= Problem requirements =
Starting at the line that holds "Файл:Victoria Falls Public-Library.jpg" and stopping at the line that holds "105 Tomie St, Quitman, TX 75783", restate the records below word for word, with both of those lines included.

[Opening Excerpted records section]

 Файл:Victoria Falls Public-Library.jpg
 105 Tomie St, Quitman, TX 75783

[Closing Excerpted records section]
[Opening Excerpted records section]

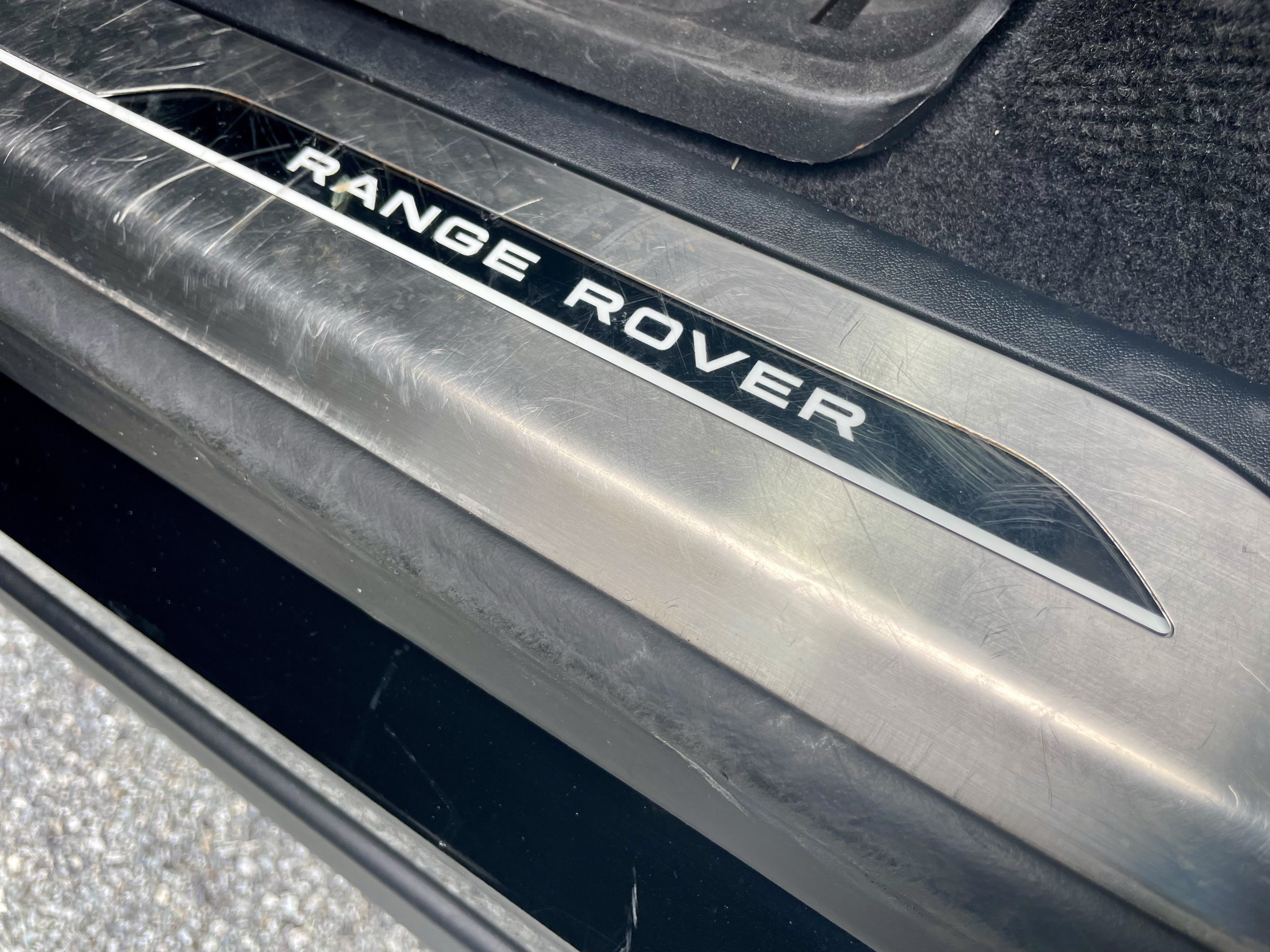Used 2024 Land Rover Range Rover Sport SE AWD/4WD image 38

[Closing Excerpted records section]

= Task output =
 Файл:Victoria Falls Public-Library.jpg
 105 Tomie St, Quitman, TX 75783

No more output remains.